Conflicted Bodies: Corp_Real International Symposium

colour-crop-web-1@ Galway Dance Days Festival 2015

March 27-29 2015

NUI Galway & locations in Galway 

CONFLICTED BODIES 

Call for Submissions

What is the impact on the body (and dance/performance) of living in conflict environments? What impact can dance/performance have in changing such circumstances?  Art about, of and against conflict has always existed, but it is only recently that recognition has been given to the particular significance of movement, and dance, in foregrounding the body as the locus of instigation, experience and resolution of conflict.
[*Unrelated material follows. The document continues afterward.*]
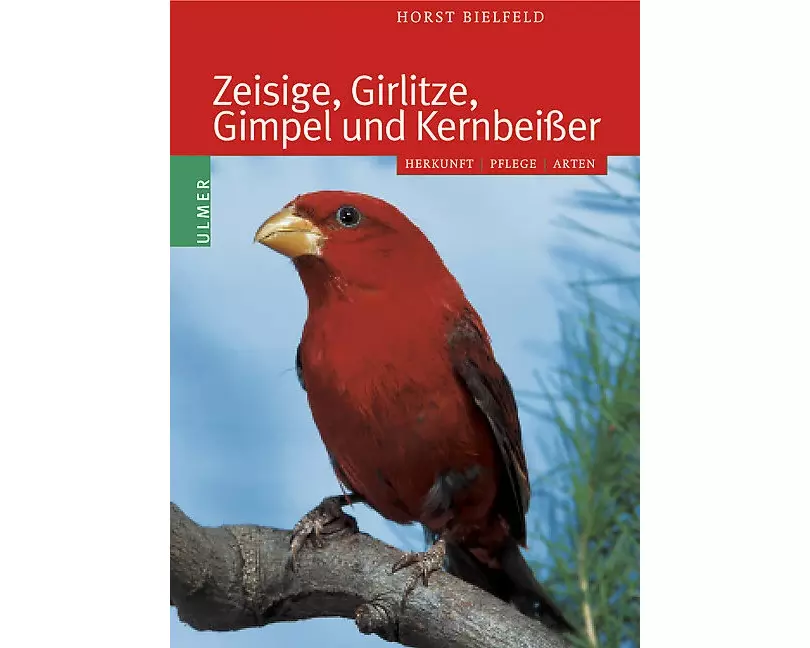 Zeisige, Girlitze, Gimpel und Kernbeisser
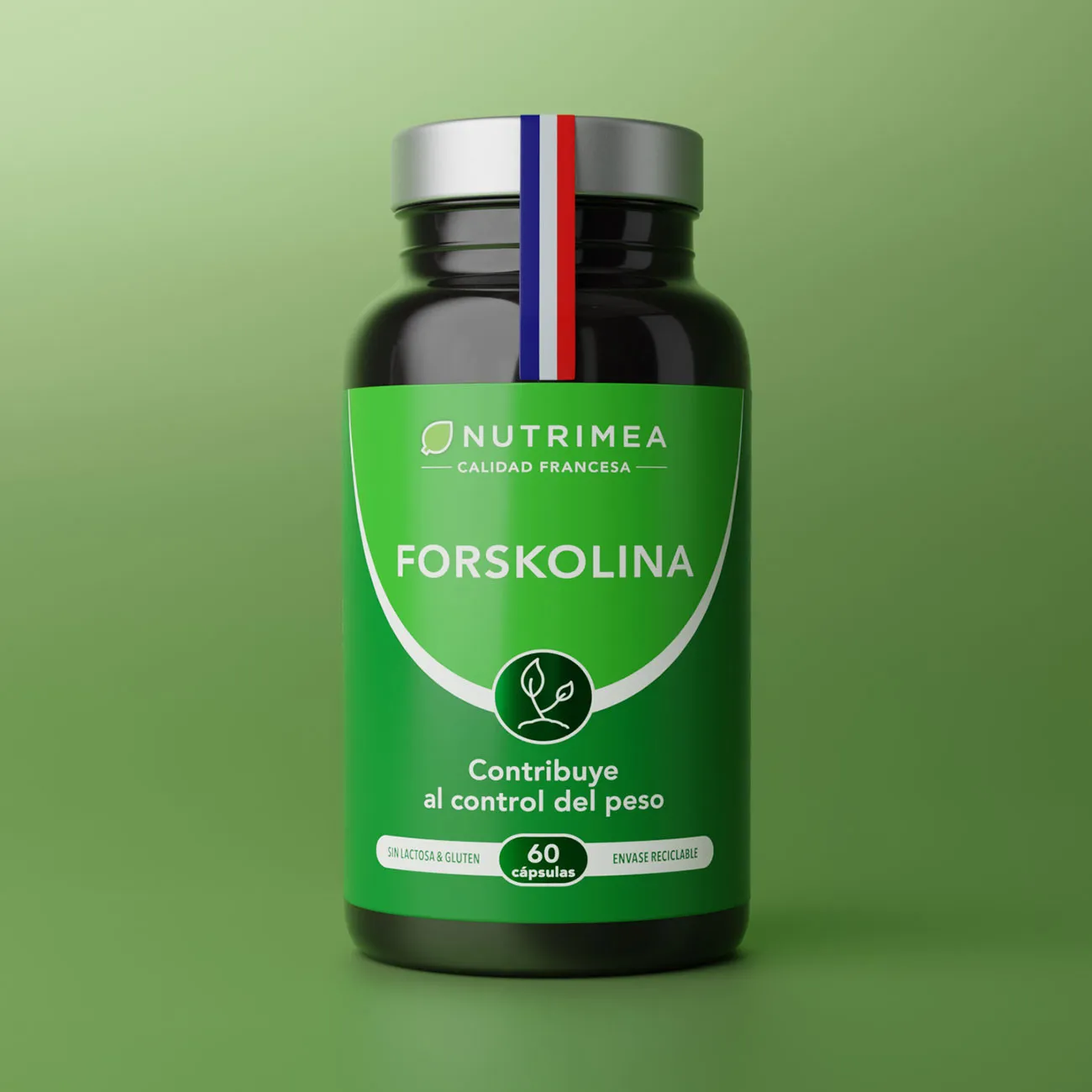 Comprar Forskolina | Coleus Forskohlii Comprar Forskolina | Coleus Forskohlii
Cultural conflicts appear to have greatly increased across the globe in the past 25 years, and conflict is more likely to break out where there are cultural divides.[1] In situations of cultural conflict and inequality, performing bodies have great import in making visible the ignored and denied, in contradicting dominant narratives, and empowering self-determinism. Witness the uses of creative movement as a means of political engagement, such as the 2012 Flamenco Flash mobs protesting in Spanish banks, and Erdem Gundüz’s 2013 Standing Man protests in Turkey.

It is interesting to note that recent contemporary dance and performance art initiatives continue in the Middle East despite conflict and include international festivals and platforms such as Transdance Festival, Cairo, Bipod International Festival of Dance, Beirut, Ramallah Festival, Palestine to name but a few. In addition, many artists directly engage with socio-political conditions, and focus on gender experience and visibility. The multi-disciplinary artist Rima Najdi’s alter ego Madame Bomba, for example, wanders Beirut dressed as a suicide bomber, and the Syrian artist Noura Murad’s Leish Troupe’s Identity Project examines gender-specific codes, rituals and attitudes in developing a theory of the Arab body and identity, while in My Paradoxical Knives (2011), the Iranian artist Ali Moini spins his near-naked knife-draped body close to his audience.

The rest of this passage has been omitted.